Provincial separation
There is no single Canadian security guard exam. Every guide, question, and licensing statement must name its province. Ontario material is never republished for another province by changing a place name. An incomplete province remains outside navigation, internal links, structured data, and the sitemap.
Source hierarchy
- Provincial government and official licensing authority pages
- Official consolidated legislation and regulations
- Regulators and official testing providers
- Official training curricula and study guides
- Reputable institutional material for practical context
Competing practice sites, search snippets, social posts, and course marketing are not authorities for legal or licensing claims. Each published source record includes a URL, publisher, type, province where relevant, and last-checked date.
Question standards
Practice questions must be original, unambiguous, province-specific, and connected to one defensible answer. Distractors should be plausible without teaching unsafe conduct. Every question requires an explanation, sources, review date, category, difficulty, reviewer field, and stable ID.
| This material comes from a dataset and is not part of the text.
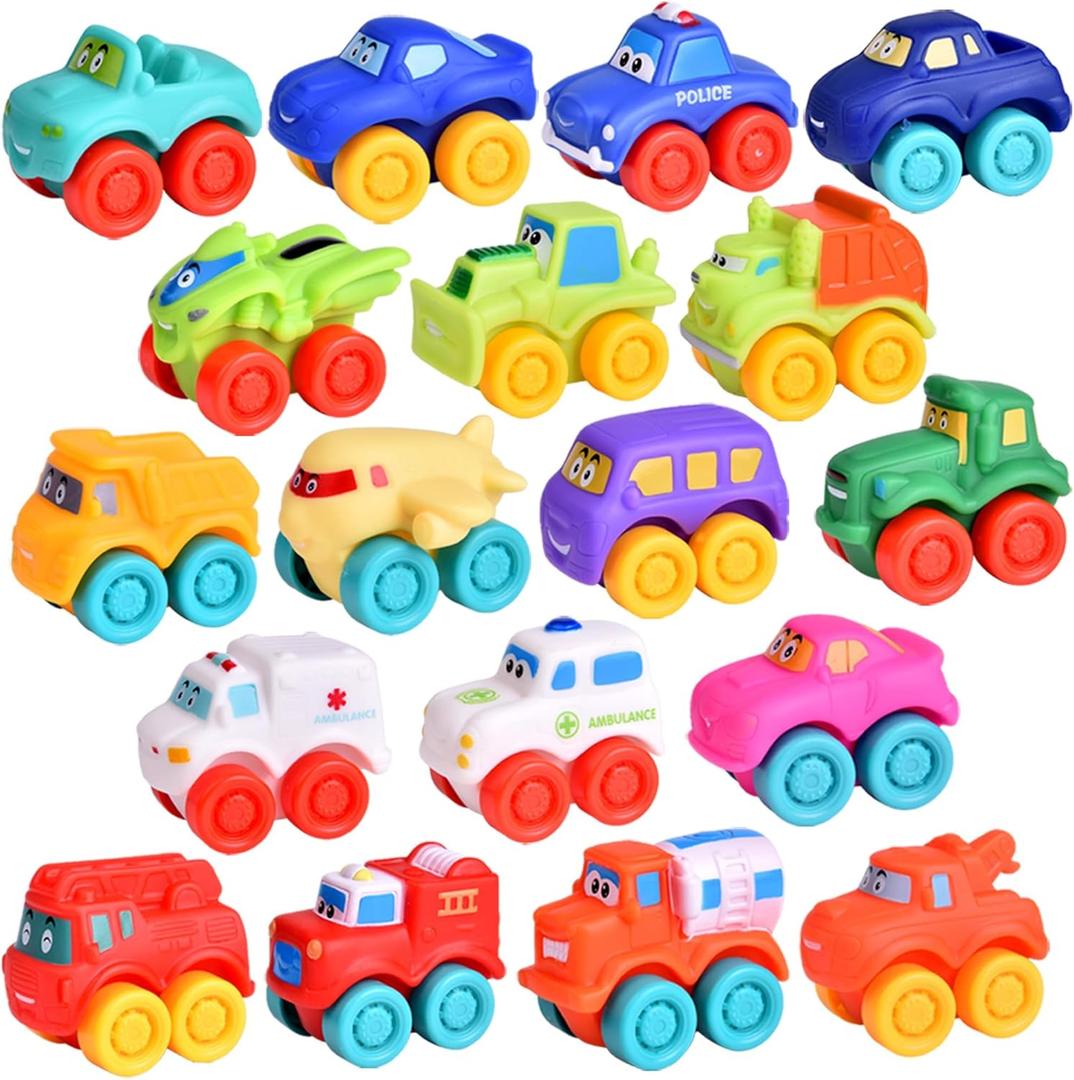 FUN LITTLE TOYS 18Pcs Prefilled Easter Eggs with Toy Cars, Easter Eggs Filled for Toddlers Kids Boys Hunt, Easter Party Favors, Easter Basket Stuffers, Easter Egg with Kids Toys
We prohibit leaked questions, recalled questions presented as exact, copied government or commercial test banks, exam dumps, guaranteed-pass claims, and statements that independent questions are official. Arrest, detention, search, force, privacy, discrimination, and criminal-law questions receive additional source and editorial scrutiny.
Legal and practical writing
Legal summaries explain study concepts and are not advice for a real incident. They avoid absolute conclusions when authority depends on facts. Practical recommendations are labelled through context and must not be presented as legislation. Readers are directed to current official sources and qualified advice where appropriate.
AI assistance
AI tools may assist with drafting, code, test generation, consistency checks, or issue discovery. AI output is not a source or legal reviewer. Source-based editorial review remains required, and high-risk content must be checked against the official material before publication. The build system can catch structural and duplication problems, but it cannot replace human judgement.
Corrections and review dates
Reports are triaged by potential harm. A material legal, eligibility, cost, exam, or accessibility error is checked promptly across every place that may reuse the claim. Corrected content receives a new review date. Older legal content is identified by automated review-age checks.
Advertising independence
Advertising does not decide topics, answers, sources, or conclusions. Training and testing providers do not receive favourable editorial treatment in exchange for payment. Ads must remain visually and functionally separate from quiz answers and licensing instructions.